### Problem statement
Extract, exactly and without pictures, every line from the one that includes "Louis / 1910-1920年代（推测）/陶器/英国/铜板转印， 手工金彩铜板转印，手工金彩" through the final line of the material below.
-- Records follows --
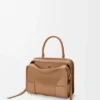 Kleine Amazona 180-tas van zacht kalfsleer Kleine Amazona 180-tas van zacht kalfsleer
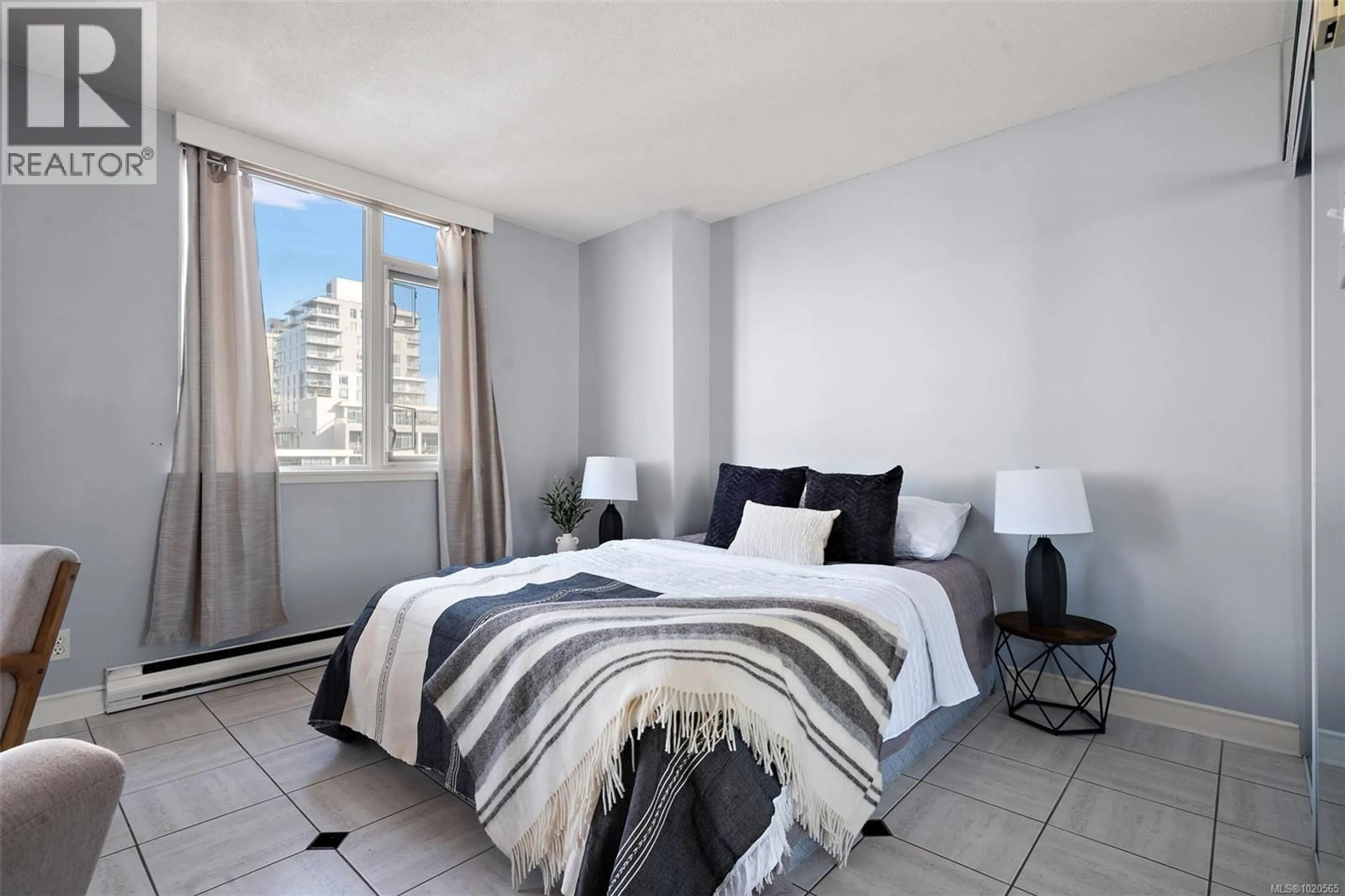 Bedroom with bed, unknown for 1009 - 835 VIEW STREET, Victoria British Columbia V8W3W8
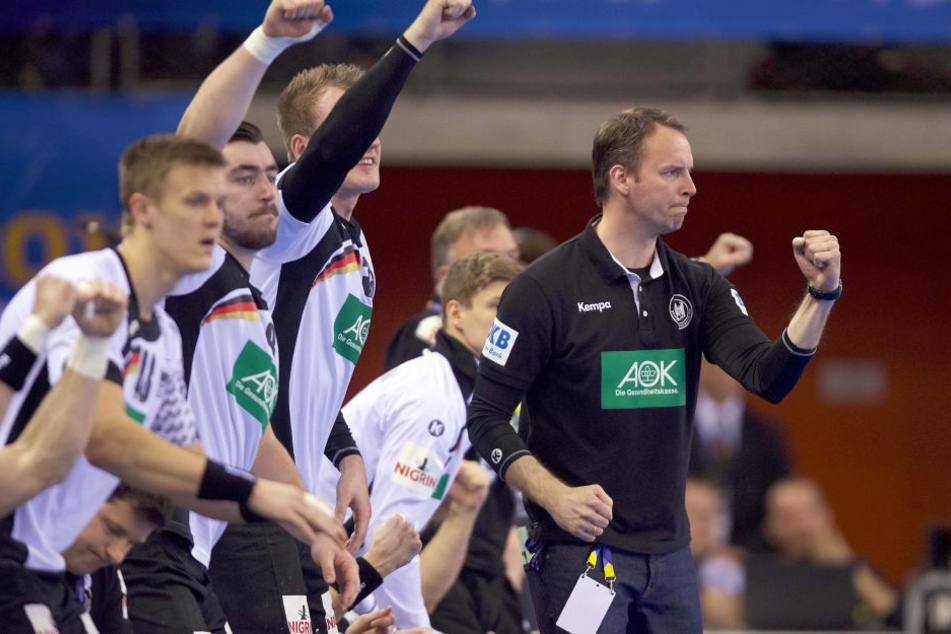 Trainer Dagur Sigurdsson (r.) und seine Jungs freuen sich über den so wichtigen Auftaktsieg gegen Ungarn.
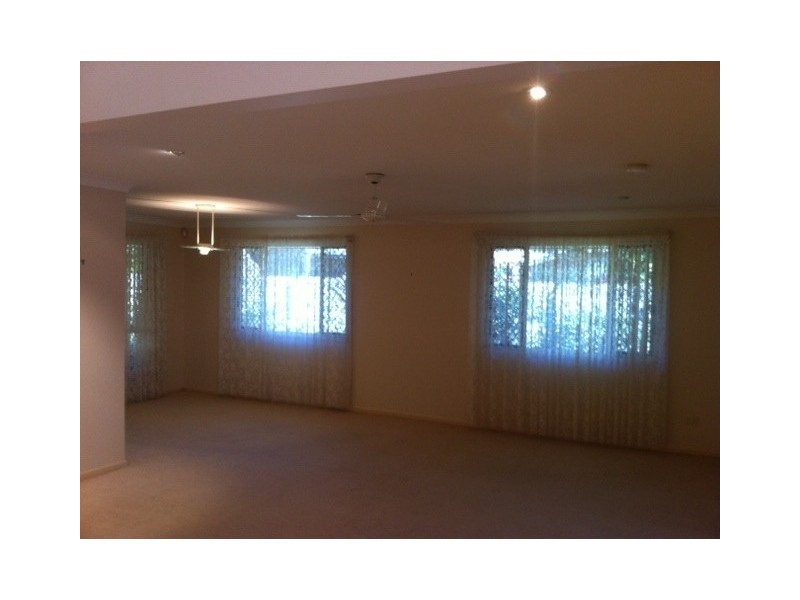 24 Cheltenham Street, Strathpine QLD 4500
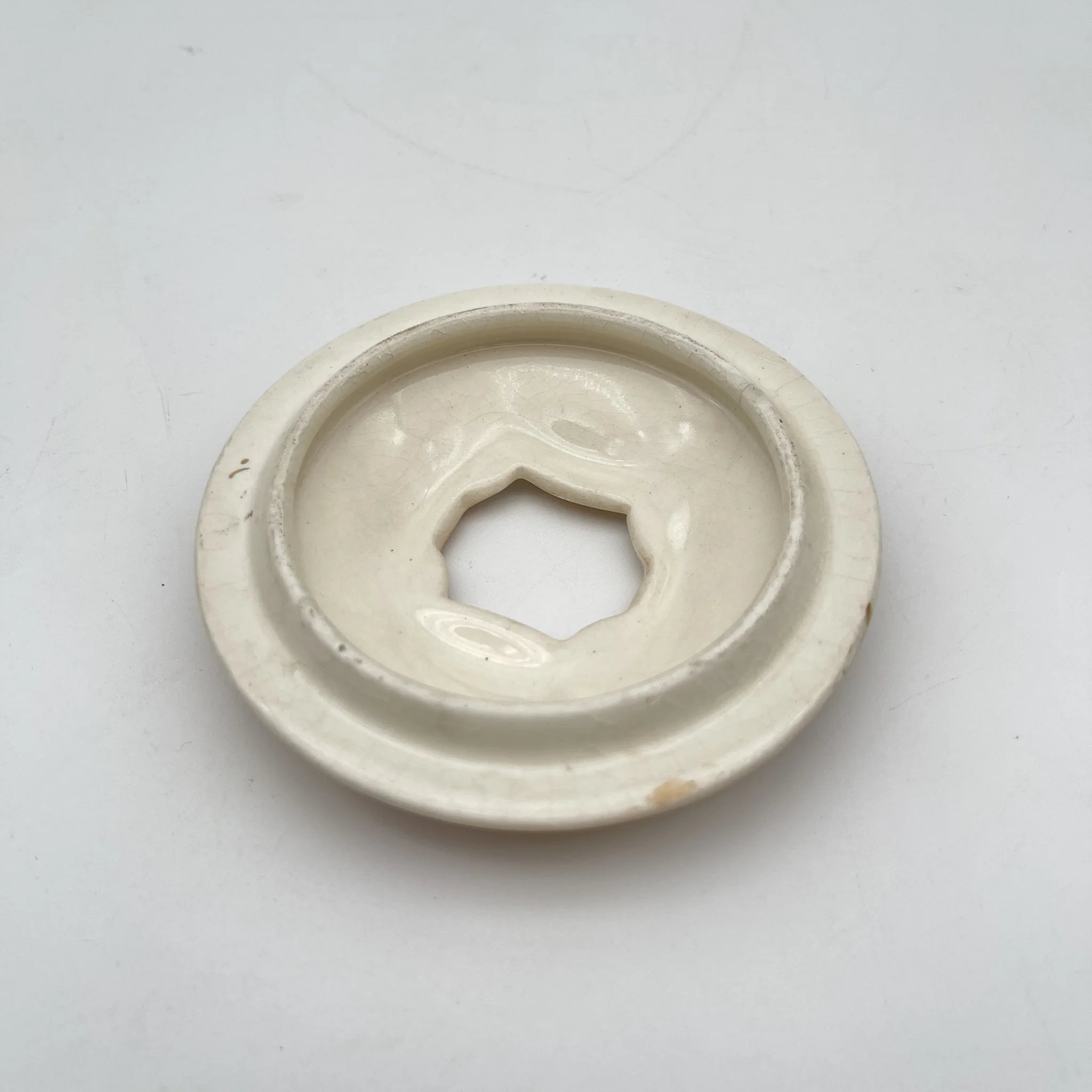 【古董】poplipot / Crown Ducal / Louis / 1910-1920年代（推测）/陶器/英国/铜板转印， 手工金彩铜板转印，手工金彩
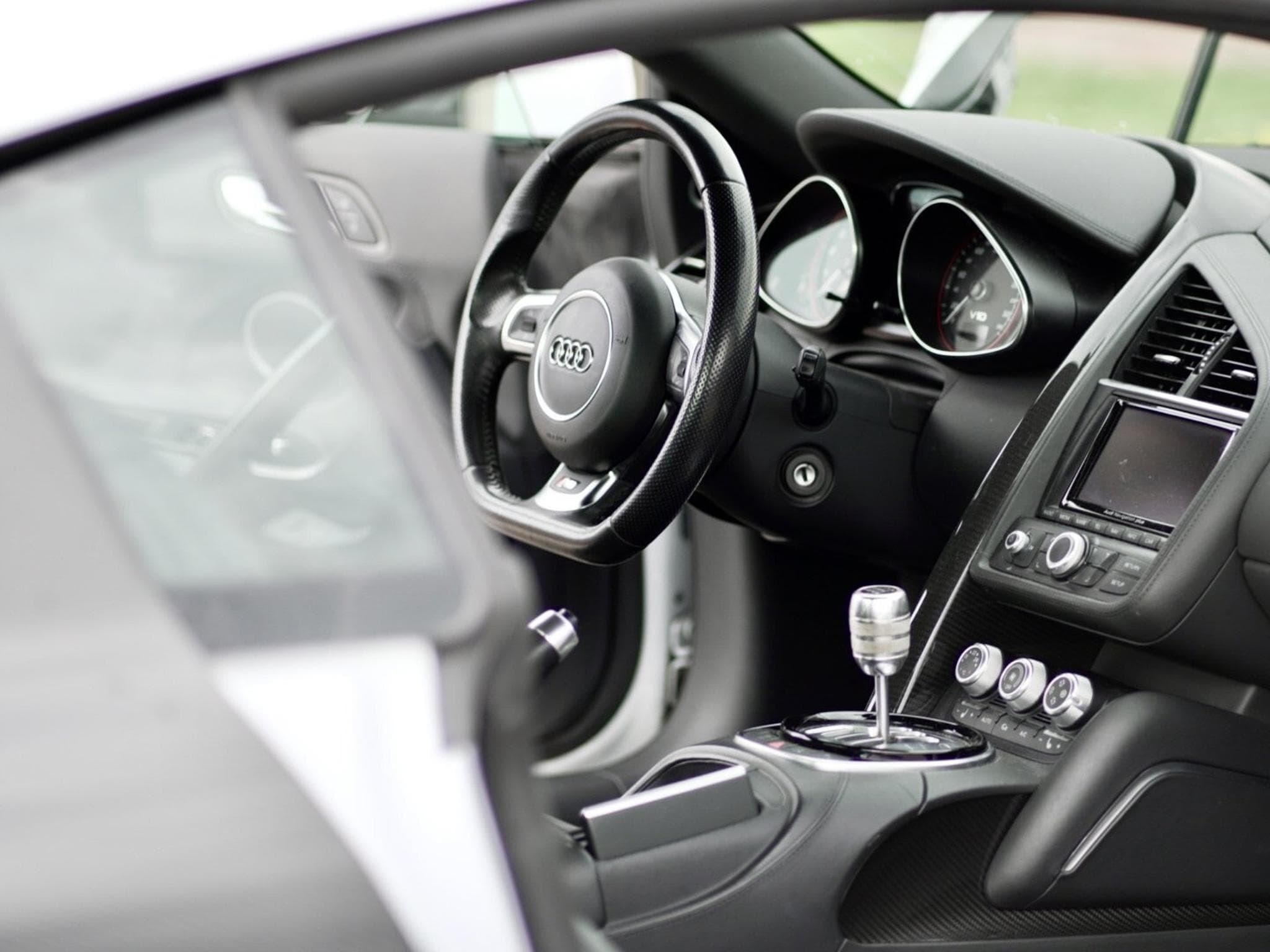 Audi R8 V10 Coupe | Schalter | Facelift | Carbon (2013) - Photo 2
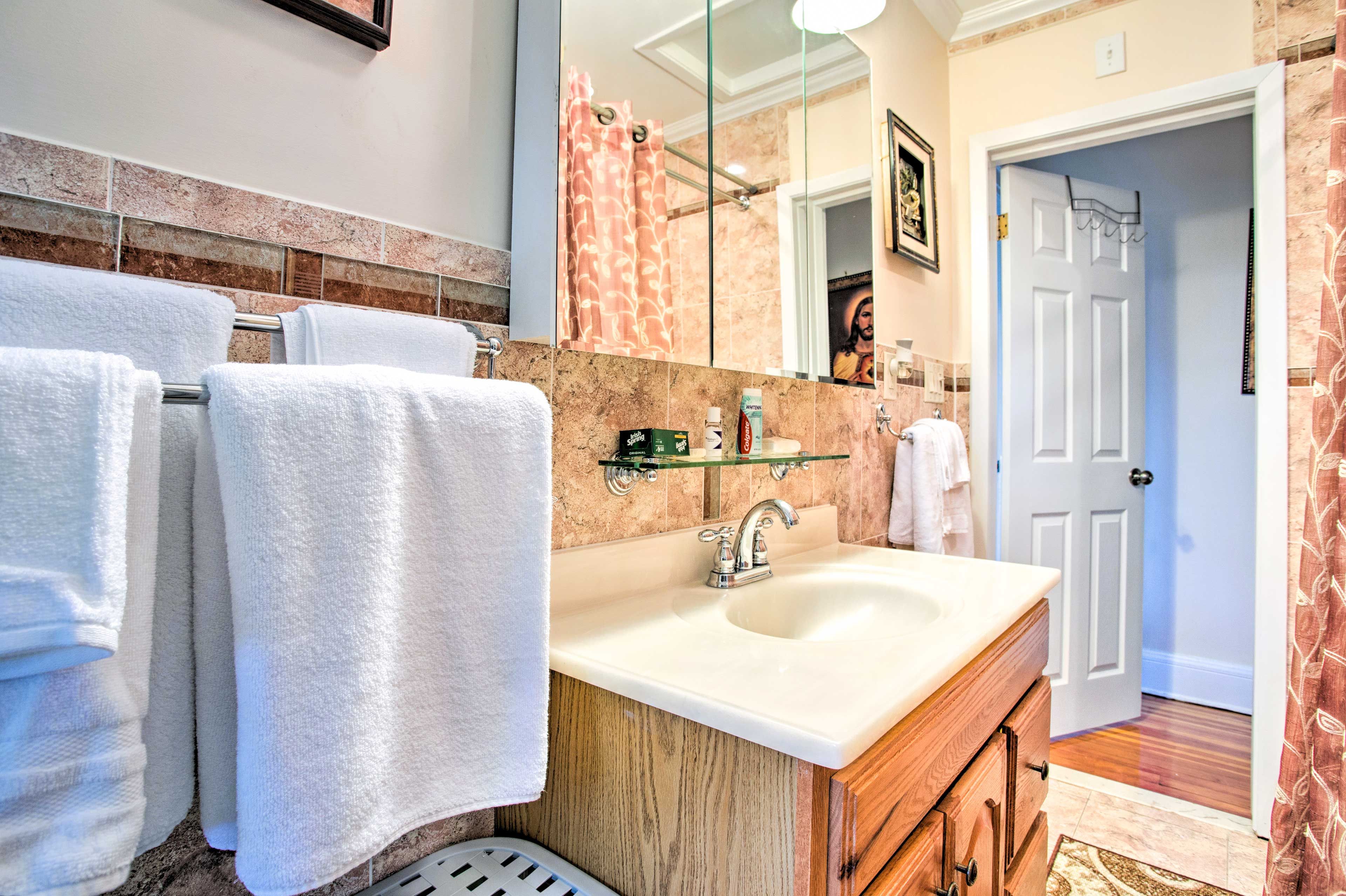 Full Bathroom | Towels Provided | Complimentary Toiletries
-- Records concluded --
### Result for this task
 【古董】poplipot / Crown Ducal / Louis / 1910-1920年代（推测）/陶器/英国/铜板转印， 手工金彩铜板转印，手工金彩
 Audi R8 V10 Coupe | Schalter | Facelift | Carbon (2013) - Photo 2
 Full Bathroom | Towels Provided | Complimentary Toiletries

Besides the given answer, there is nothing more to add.